= 2015 Kentucky elections =

A general election was held in the U.S. state of Kentucky on November 3, 2015. All of Kentucky's executive officers were up for election. Primary elections were held on May 19, 2015.

==Governor and Lieutenant Governor==

Incumbent Democratic Governor Steve Beshear was term-limited and could not run for re-election to a third term in office.

In Kentucky, gubernatorial candidates pick their own running mates and they are elected on shared tickets in both the primary and general elections.

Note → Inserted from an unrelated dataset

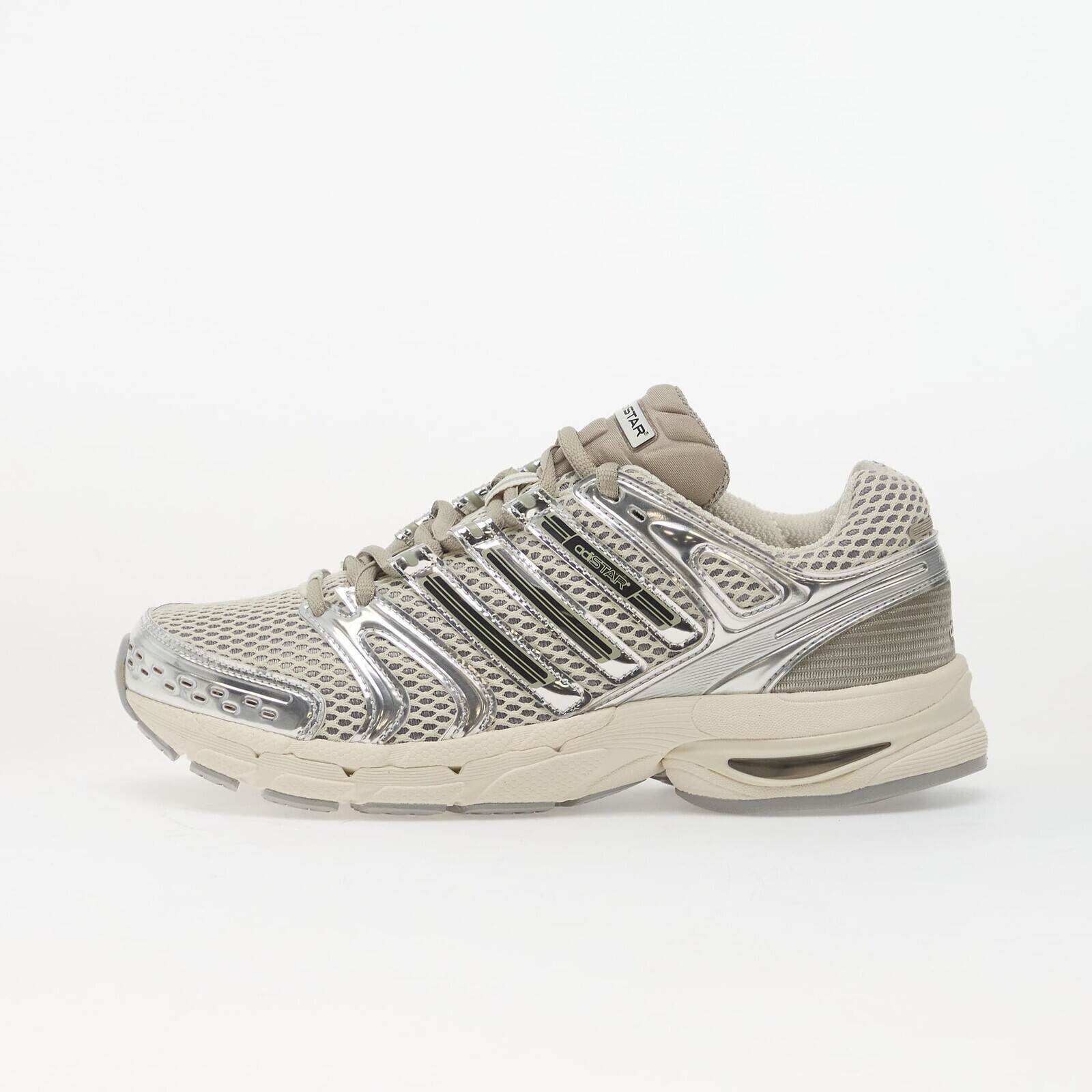 Sneakers adidas Adistar Control 5 Off White/ Silver Met./ Sesame UK 9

The candidates for the Democratic nomination were Attorney General of Kentucky Jack Conway and his running mate State Representative Sannie Overly; and retired engineer and 2014 Congressional candidate Geoff Young and his running mate Jonathan Masters. Conway and Overly easily defeated Young and Masters in the primary election for the Democratic Party nomination.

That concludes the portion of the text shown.